The album presses on with this tone in mind - effective, minimalist songs that progress about as intensely as a marathon. The absolutely mind-boggling
Rage: Man knows it's limits and boundaries, but stretches out a bit and combines the most intense post-rock move out there, a blistering guitar solo, and adds it in with the calm, ambient and shimmering background music that is the song itself. Stretching on for a mere five minutes,
Rage: Man really couldn't have been longer or shorter, seeing as the length is perfectly suited to the attention span of the listener. The opener,
Stanley Kurbrick, is the perfect mood-setter for the album, preparing the listener for weighty and thought-provoking listens and almost over-whelmingly dark and sluggish music that echoes throughout. The combination of a distant and effect-laden guitar playing a simplistic hymn is paired up with the simple rhythm section of a mere bass and drums, but the result is far more breathtaking than one could expect from this trio of intstruments.
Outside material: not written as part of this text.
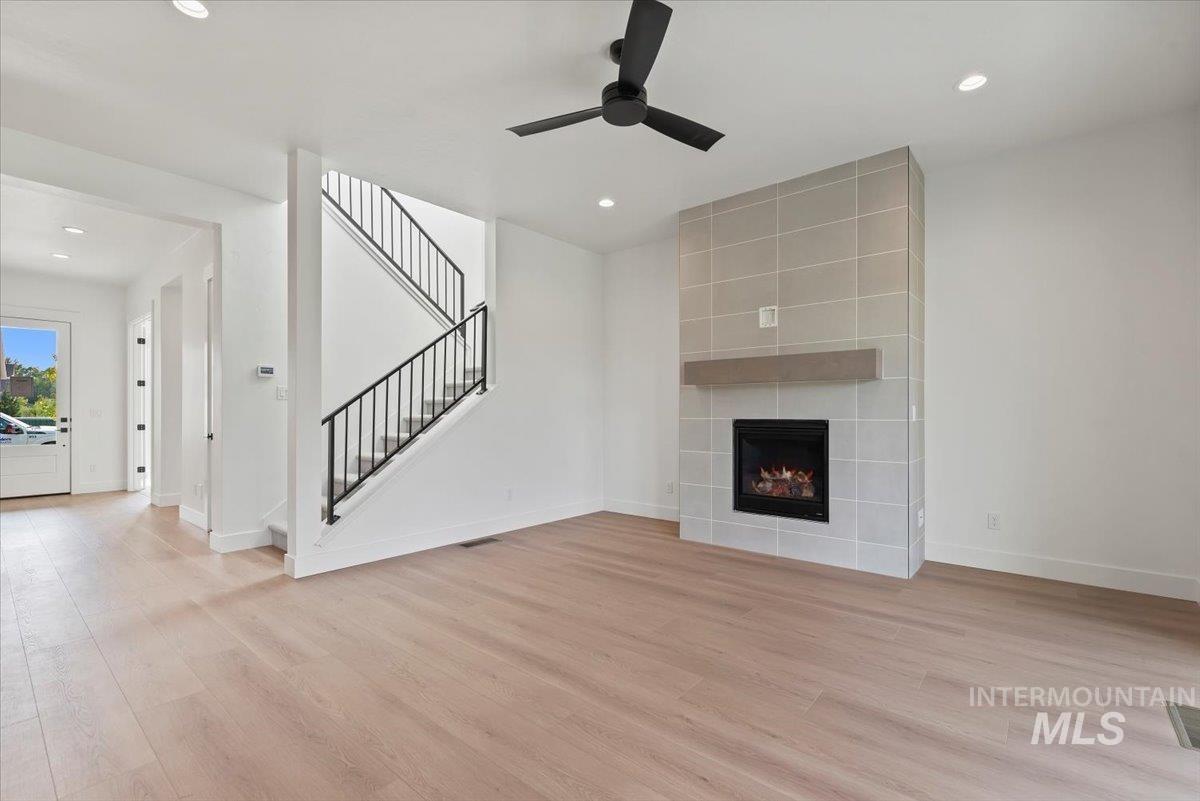 Unfurnished living room with light wood-style flooring, recessed lighting, a fireplace, stairs, and ceiling fan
It seizes your mind and fails to loosen it's grip.
However, the songs I frequently come back to are the longest.
Burn Girl Prom Queen clocks in at 8:31, and
Small Children in the Background which just falls shy of seven minutes. Both are extremely frigid songs; it appears for the longest time that they do not move or refuse to budge for the sake of installing intrigue and anxiety in the listener. Both songs have their climaxes; the incredible flood of noise in
Children keeps the listner on the edge of their seat for the whole duration of the song. The complete and utter fatige that is installed in the listener from
Prom Queen is brought by it's charming and almost un-intentional grace at the beginning that continues throughout the piece and never really picks up. Unappealing? On paper, sure, but the experience itself is exhausting and, though it doesn't come across as a pure rock epic, it's pretty damn close to perfection. Something about it just creeps on you and fails to let go for eight and a half minutes. Maybe it's the dizzying drone of the piano, or the steady waltz of the drums, but it's purely entrancing.
Yes, it's instrumental, but it's probably more moving than most music with words because you come up with your own story or examine situations you are in with a different light. The lack of vocals somehow make this an even more poetic listen than imaginable. The music itself is drop-dead gorgeous and simplistic, but extremely moving at the same time. Words cannot describe what feelings go on when this EP is playing, but there are few descriptions that come close. Exhausting, powerful and glacial are a few example. An almost perfect release is dragged down by it's short length and refusal to expand upon brilliant ideas, but what is availabe on this half-hour mini-epic is a completely wonderful listen that fans of music shouldn't miss. Highly recommended.